## Task item
Drop all images and give the records again exactly.

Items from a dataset
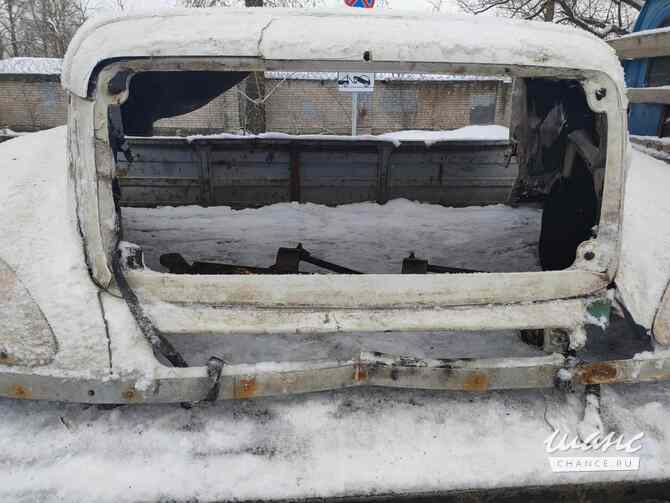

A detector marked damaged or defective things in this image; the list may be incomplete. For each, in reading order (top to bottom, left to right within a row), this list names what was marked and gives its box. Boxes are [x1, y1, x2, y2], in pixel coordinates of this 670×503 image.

rust spot [10, 384, 31, 400]
rust spot [235, 380, 258, 400]
rust spot [354, 366, 370, 382]
rust spot [464, 372, 490, 392]
rust spot [576, 364, 620, 384]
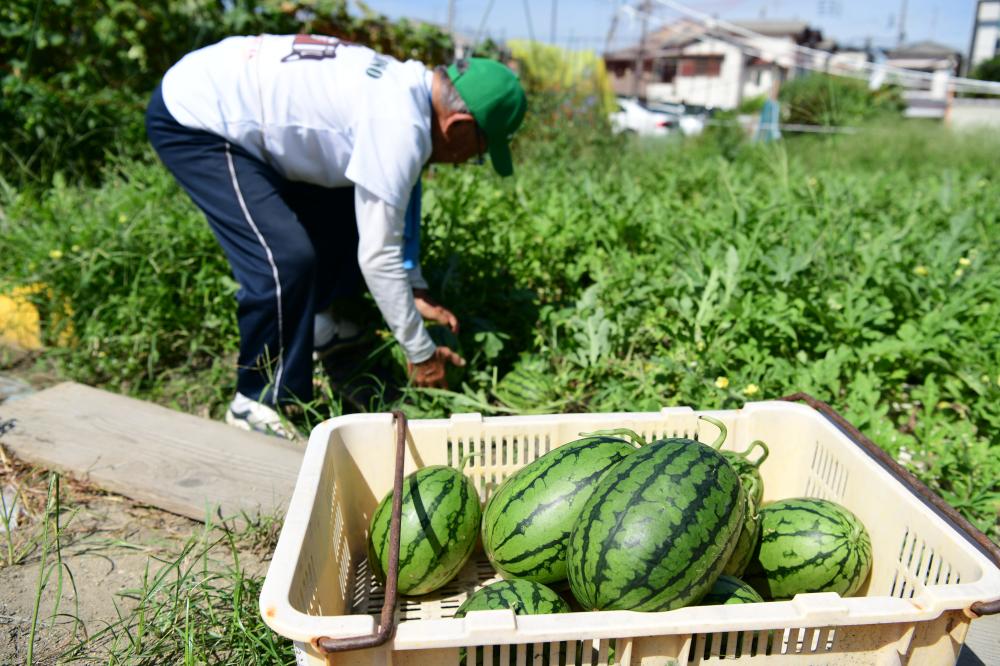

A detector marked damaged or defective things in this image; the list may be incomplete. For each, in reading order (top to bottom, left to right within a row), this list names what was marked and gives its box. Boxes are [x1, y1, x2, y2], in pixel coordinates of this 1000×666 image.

rusty metal handle [312, 408, 406, 652]
rusty metal handle [780, 392, 1000, 616]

## Solution below
A detector marked damaged or defective things in this image; the list may be incomplete. For each, in reading order (top to bottom, left to right within a row), this list names what was marked and gives its box. Boxes are [x1, y1, x2, y2], in pixel coordinates of this 670×503 image.

rust spot [10, 384, 31, 400]
rust spot [235, 380, 258, 400]
rust spot [354, 366, 370, 382]
rust spot [464, 372, 490, 392]
rust spot [576, 364, 620, 384]

A detector marked damaged or defective things in this image; the list may be incomplete. For each, in reading order (top to bottom, left to right within a row), this list names what was marked and gives its box. Boxes are [x1, y1, x2, y2], in pixel coordinates of this 1000×666 image.

rusty metal handle [312, 408, 406, 652]
rusty metal handle [780, 392, 1000, 616]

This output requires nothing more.